About the lodge
Saruni rhino is in 350,000 hectares Sera conservancy, in the northern frontier of Kenya. Saruni rhino offers the first rhino tracking in East Africa, a walking safari that provides an adventure, but also allows the guests to contribute to the protection of this species. Herds of elephants populate this vast landscape, offering also birdwatching and cultural experiences with the singing well.
Rooms
Saruni rhino is a 3-banda camp. A banda is a rustic stone cottage with a thatched roof and canvas roll down windows. All bandas have flushing loos, hot & cold water and natural stone showers. The bandas are along a dry river bed lined with doum palms in a way that ensures privacy for guests.
Banda 1
Banda 1 is an open banda that sleeps 2 people, with a bathroom & stone shower and flushing toilet in the room. It is open plan in style with no room divider so more than 2 guests sharing will need to feel comfortable in the open-plan space. A sandy terrace has chairs and tables overlooking the lugga, the dry river bed.
Banda 2
Banda 2 is an open banda that sleeps 2 people.
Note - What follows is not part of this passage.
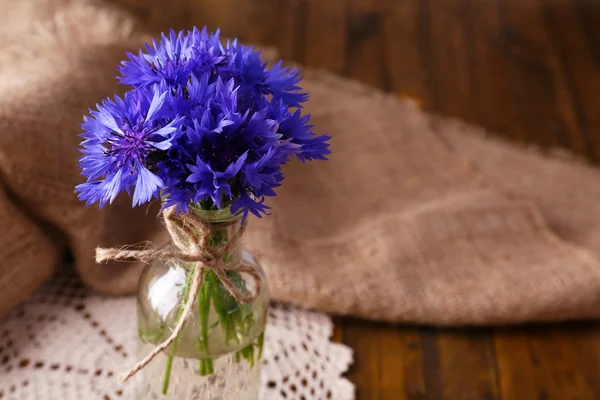 Lindas flores de milho em vaso de vidro em fundo de madeira — Fotografia de Stock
The en-suite bathroom & stone shower and flushing toilet is within the banda. A sandy terrace has chairs and tables overlooking the lugga, the dry river bed. A nearby tree bed provides resting space.
Banda 3
The family banda 3 is composed of 2 x double bedrooms sleeping 4 people. Both rooms have en-suite bathrooms & natural stone showers with flushing toilets. A shared lounge provides a cool retreat from the large stone verandah which also has outside seating & tables and has the best view of the waterhole directly in front.
Rhino tracking
Walking safari provides a unique adventure whilst also allowing guests to actively contribute to the protection of this iconic species. Tracking black rhino on foot, accompanied by an expert Saruni guide and a highly-trained Sera community ranger, equipped with a transmitter correlating to the GPS whereabouts of the 12 rhino throughout the 54, 000 hectares-large sanctuary.
Rhino sanctuary
Sera community conservancy, home to around 16, 000 Samburu semi-nomadic pastoralists which form part of the sub-tribe of the Maasai, here is where essentially a sanctuary within a conservancy was formed. Highly secure and fenced, a group of black rhino were re-introduced to Sera conservancy rhino sanctuary to spread and increase Kenya’s black rhino population and encourage visitors to the remote and stunning part of the country with a fully community-focused ideology to encourage the sustainable benefits of conservation that Saruni so strongly believes.
Black rhino introduction
An area which for over 40 years has seen the depletion of the black rhino, until now, where one of the most advanced conservation projects has taken place and the first of its kind, whereby a group of black rhino has been successfully reintroduced in the fenced, maximum protection sanctuary offering the endangered species a chance to flourish.
Singing wells
A totally unique and intimate tradition, the singing wells of Samburu remain an exclusive experience we offer our guests. Home to the fifty wells, Kisima Hamsini, a series of fifty springs where local pastoralists take their livestock to water, digging deep in the barren land filling up wells to in-turn fill up holders and troughs whilst singing a unique melody to which each Moran’s herd heeds.